You've probably heard of the legendary "supertasters," people with a higher sensitivity to taste stimuli. I always envied these people—how enjoyable it must be for them to sink their teeth into milk chocolate with a gooey caramel core, or have a leg up in identifying complexities in a glass of red wine from Bordeaux. But that's not quite the case. Linda Bartochuk, a professor of food science and human nutrition at the University of Florida's Center for Smell and Taste, says supertasters tend to be pretty picky eaters and prefer to stick to bland food, which means they may have more in common with Dylan Matthews than with restaurant critics.

Here are some more things you may not realize about super tasters and the science of taste:

  • Supertasters aren't inherently better at things like blind wine tastings.

Being able to recall the varietal, year, region, and make of wine with such accurate (and perhaps smug) detail isn't due to having more taste buds. It's often associated with practice and the ability to learn vocabulary and remember taste associations, according to Steven Munger, director of the Center for Smell and Taste. "What [wine expertise] may be doing is changing your ability to access information more efficiently and put it in a context of a memory," Munger said. 

  • Being a supertaster has health advantages...

Supertasters tend to avoid alcohol and cigarettes because of the strong flavor and unpleasant taste.

  • ...and disadvantages.

Given the bitterness or often distinct texture of certain vegetables like leafy greens, super tasters tend to dislike their strong flavors. Bartochuck says this may lead them to incorporate these healthy foods a lot less in their diets than the average eater. 

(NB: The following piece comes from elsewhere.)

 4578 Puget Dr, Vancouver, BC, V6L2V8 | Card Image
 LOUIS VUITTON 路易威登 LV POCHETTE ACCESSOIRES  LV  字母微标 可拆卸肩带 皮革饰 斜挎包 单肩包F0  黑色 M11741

  • Supertasters tend to be women.

Bartochuck estimates that about 15 percent of Americans are supertasters, and women fall into the category more than men. She proposes this may have to do with how we evolved: A pregnant woman's sensitivity to bitter foods (sometimes a sign of poison) would have been an advantage for her fetus.

  • Illness can have a negative affect on your taste buds—supertaster or not.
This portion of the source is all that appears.